## [EXERCISE DETAILS]
Repeat the stretch of entries below from the line with "Marble with Inlaid" through the line with "Mother and daughter". Include both ends and add nothing.

## [DATA UNDER STUDY]
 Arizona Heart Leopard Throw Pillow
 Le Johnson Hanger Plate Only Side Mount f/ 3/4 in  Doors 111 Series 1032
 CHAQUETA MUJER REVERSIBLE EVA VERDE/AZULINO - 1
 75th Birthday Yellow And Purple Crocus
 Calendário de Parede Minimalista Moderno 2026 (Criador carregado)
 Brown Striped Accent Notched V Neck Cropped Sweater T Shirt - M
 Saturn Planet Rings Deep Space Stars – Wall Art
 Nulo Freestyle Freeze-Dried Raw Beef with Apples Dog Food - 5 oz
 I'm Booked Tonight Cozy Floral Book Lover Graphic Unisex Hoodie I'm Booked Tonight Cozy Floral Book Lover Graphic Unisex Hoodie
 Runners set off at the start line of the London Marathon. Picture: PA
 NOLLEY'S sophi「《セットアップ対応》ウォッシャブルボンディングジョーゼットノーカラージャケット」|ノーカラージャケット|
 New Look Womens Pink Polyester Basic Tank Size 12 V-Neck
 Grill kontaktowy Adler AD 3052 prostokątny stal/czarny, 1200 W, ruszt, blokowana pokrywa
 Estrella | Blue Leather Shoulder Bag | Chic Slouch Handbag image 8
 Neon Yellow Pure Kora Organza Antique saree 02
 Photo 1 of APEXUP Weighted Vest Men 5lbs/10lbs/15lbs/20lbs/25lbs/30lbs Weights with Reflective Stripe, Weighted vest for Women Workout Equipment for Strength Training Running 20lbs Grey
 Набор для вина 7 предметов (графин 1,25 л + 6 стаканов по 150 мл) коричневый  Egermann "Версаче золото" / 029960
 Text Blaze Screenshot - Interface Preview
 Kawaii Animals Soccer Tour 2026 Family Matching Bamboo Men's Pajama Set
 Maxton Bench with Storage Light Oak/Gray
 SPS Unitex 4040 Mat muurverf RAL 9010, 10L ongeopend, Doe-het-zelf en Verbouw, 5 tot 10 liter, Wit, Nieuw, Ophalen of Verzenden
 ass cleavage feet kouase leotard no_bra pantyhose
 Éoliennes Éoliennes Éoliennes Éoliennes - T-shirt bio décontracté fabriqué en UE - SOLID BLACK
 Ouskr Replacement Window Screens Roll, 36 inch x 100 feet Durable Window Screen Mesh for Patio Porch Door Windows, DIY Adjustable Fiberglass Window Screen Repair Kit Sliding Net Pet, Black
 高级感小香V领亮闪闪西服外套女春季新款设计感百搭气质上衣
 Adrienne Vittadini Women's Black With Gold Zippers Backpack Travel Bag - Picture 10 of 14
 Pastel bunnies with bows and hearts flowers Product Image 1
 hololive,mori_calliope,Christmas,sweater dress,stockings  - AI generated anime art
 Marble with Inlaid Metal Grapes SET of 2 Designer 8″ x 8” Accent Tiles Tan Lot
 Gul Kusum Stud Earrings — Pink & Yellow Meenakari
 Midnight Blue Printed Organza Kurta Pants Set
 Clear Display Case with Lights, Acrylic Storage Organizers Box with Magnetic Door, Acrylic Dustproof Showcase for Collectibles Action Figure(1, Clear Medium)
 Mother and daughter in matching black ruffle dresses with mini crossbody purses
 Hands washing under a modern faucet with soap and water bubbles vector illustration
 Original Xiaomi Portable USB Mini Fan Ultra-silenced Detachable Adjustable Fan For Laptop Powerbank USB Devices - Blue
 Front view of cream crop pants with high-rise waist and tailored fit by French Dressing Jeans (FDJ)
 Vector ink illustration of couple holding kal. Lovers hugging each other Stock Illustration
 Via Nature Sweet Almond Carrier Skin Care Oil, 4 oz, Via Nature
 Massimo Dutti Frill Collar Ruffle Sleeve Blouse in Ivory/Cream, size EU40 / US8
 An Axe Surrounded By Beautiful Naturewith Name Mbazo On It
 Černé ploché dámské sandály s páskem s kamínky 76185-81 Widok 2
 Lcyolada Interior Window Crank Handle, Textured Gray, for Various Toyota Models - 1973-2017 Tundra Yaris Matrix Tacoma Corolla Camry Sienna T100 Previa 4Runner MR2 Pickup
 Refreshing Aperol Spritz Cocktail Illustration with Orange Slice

## [SOLUTION]
 Marble with Inlaid Metal Grapes SET of 2 Designer 8″ x 8” Accent Tiles Tan Lot
 Gul Kusum Stud Earrings — Pink & Yellow Meenakari
 Midnight Blue Printed Organza Kurta Pants Set
 Clear Display Case with Lights, Acrylic Storage Organizers Box with Magnetic Door, Acrylic Dustproof Showcase for Collectibles Action Figure(1, Clear Medium)
 Mother and daughter in matching black ruffle dresses with mini crossbody purses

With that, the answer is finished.